Every once in a while, a terrorist sets off a fatal bomb in the United States. In 1993, it was at the World Trade Center. In 1995, it was in Oklahoma City. In 1996, it was at the Atlanta Olympics. Last week it was in Boston. Each time it happens, we’re shocked.
But the attacks we see or hear about on TV are just the surface. The FBI is constantly tracking bomb plots. If you look at the bureau’s most recent cases – the ones in which it has announced investigations, arrests, indictments, convictions or sentences since the beginning of 2012 – you’ll discover that during this time frame, Boston was the 21st case involving explosives. And when you study these cases, you realize how lucky we’ve been. The next Boston may not be far behind.
Here are some of the patterns in the FBI case list:• Diverse targets. We expect attacks on big, iconic buildings such as the Pentagon and the World Trade Center. Some of the recent plots fit that pattern: The perpetrators reportedly targeted or considered targeting the U.S. Capitol, the New York Stock Exchange, Grand Central Terminal, Times Square, the New York Federal Reserve Bank, a federal courthouse and George W. Bush’s home. But others picked softer targets: electrical plants, bridges, synagogues, restaurants, bars, nightclubs, malls and a Christmas tree-lighting ceremony. Good luck protecting those places.

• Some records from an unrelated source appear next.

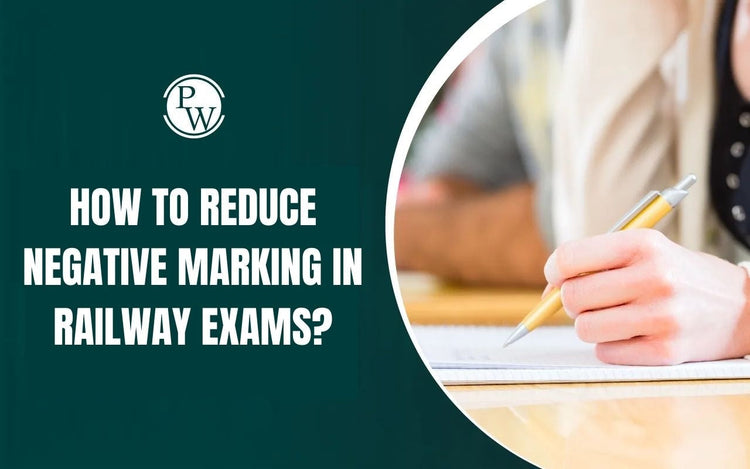 How to Reduce Negative Marking in Railway Exams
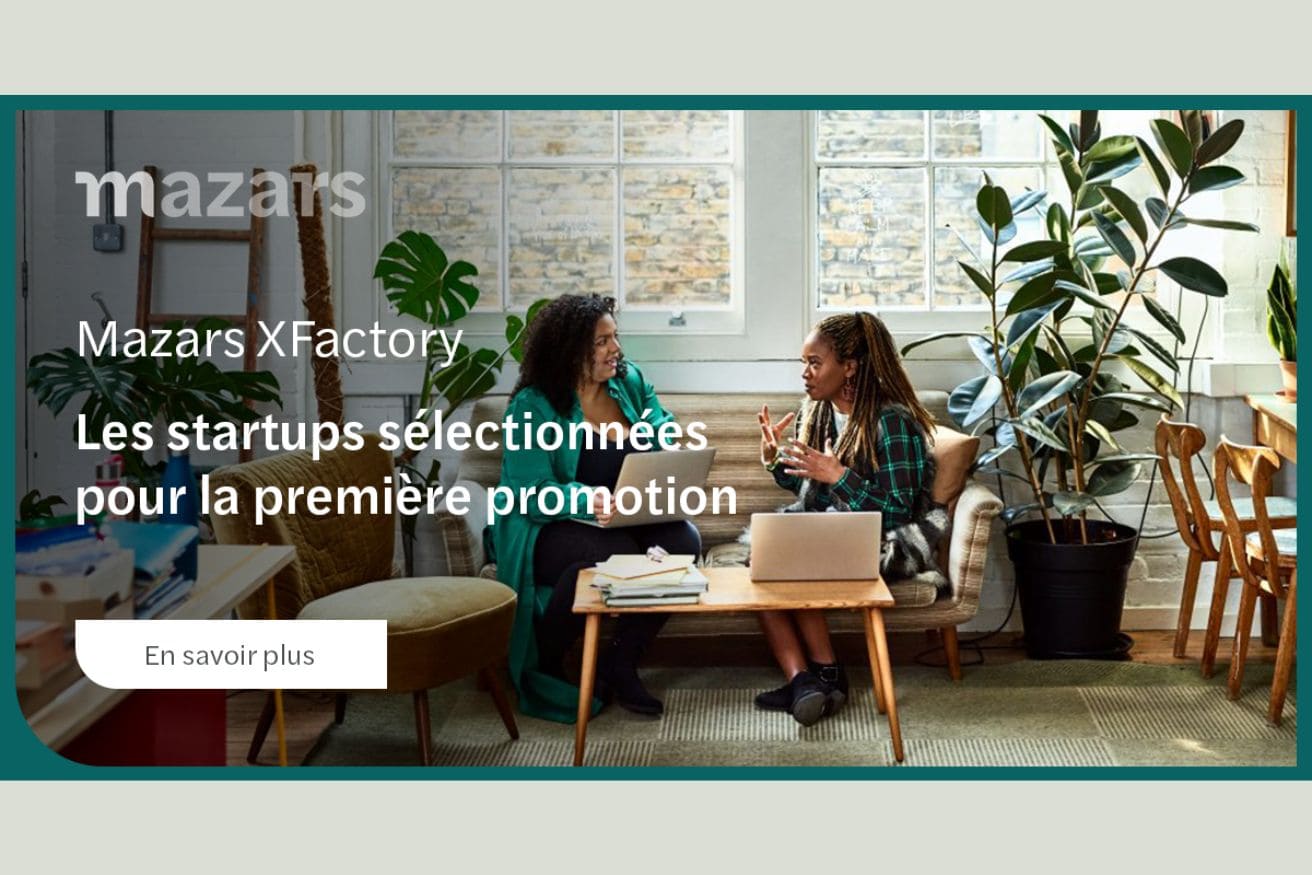 Mazars XFactory | First Start-ups Cohort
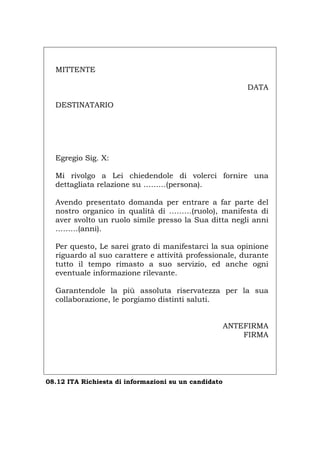 MITTENTE
DATA
DESTINATARIO
Egregio Sig. X:
Mi rivolgo a Lei chiedendole di volerci fornire una
dettagliata relazione su ………(persona).
Avendo presentato domanda per entrare a far parte del
nostro organico in qualità di ………(ruolo), manifesta di
aver svolto un ruolo simile presso la Sua ditta negli anni
………(anni).
Per questo, Le sarei grato di manifestarci la sua opinione
riguardo al suo carattere e attività professionale, durante
tutto il tempo rimasto a suo servizio, ed anche ogni
eventuale informazione rilevante.
Garantendole la più assoluta riservatezza per la sua
collaborazione, le porgiamo distinti saluti.
ANTEFIRMA
FIRMA
08.12 ITA Richiesta di informazioni su un candidato
Português English Deutsch Français Español
 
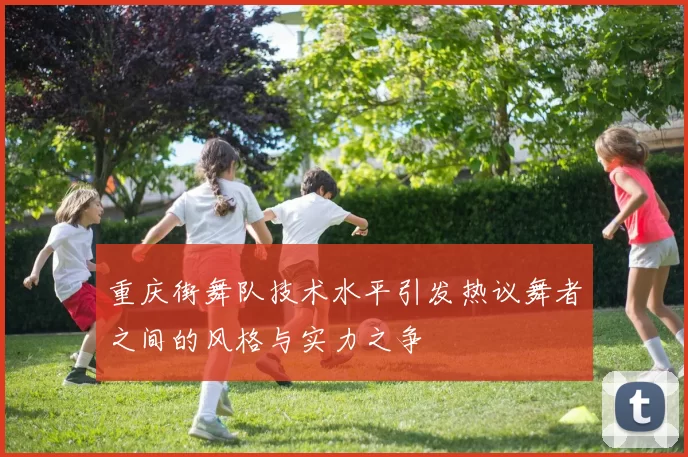 重庆街舞队技术水平引发热议舞者之间的风格与实力之争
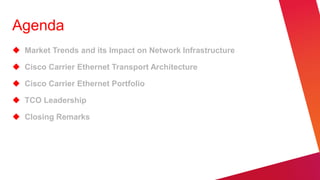 Agenda
 Market Trends and its Impact on Network Infrastructure

 Cisco Carrier Ethernet Transport Architecture

 Cisco Carrier Ethernet Portfolio

 TCO Leadership

 Closing Remarks
 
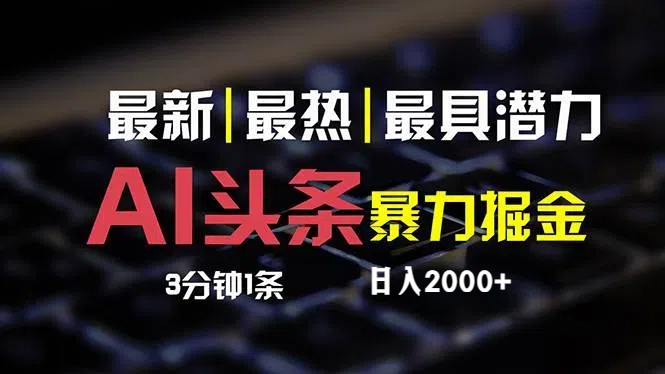 （12254期）最新AI头条掘金，每天10分钟，简单复制粘贴，小白月入2万+-928网创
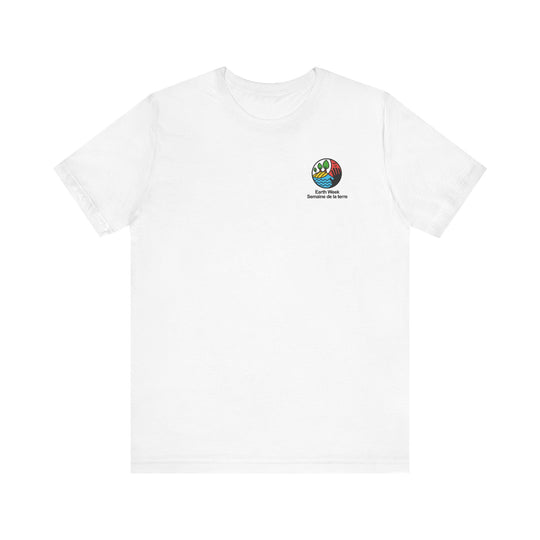 For the Love of Creation Earth Week Unisex Short Sleeve Tee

• Everyday ingredients. Two plotters connected to al-Qaida used high explosives. But many cases involved common household items (clocks, phones, Christmas lights, auto wire, fishing weights, soda bottles) or chemicals that weren’t inherently suspicious (acetone, hydrogen peroxide, rat poison).
• Luck. In three of the 20 cases, the plotters had prior contacts with al-Qaida or other known terrorist groups outside the United States. In five other cases, the plotters reached out to fellow jihadists or jihadist wannabes, either online or through other unspecified channels. This seems to be how we infiltrated and disarmed those plots.
One of the 12 remaining cases involved an AWOL soldier, who presumably was a hunted man. Another plotter was a bush-league pipe-bomb maker, apparently for hire. Another case involved a bunch of anarchists who discussed their scheme with one person too many. We were in on those plots, too.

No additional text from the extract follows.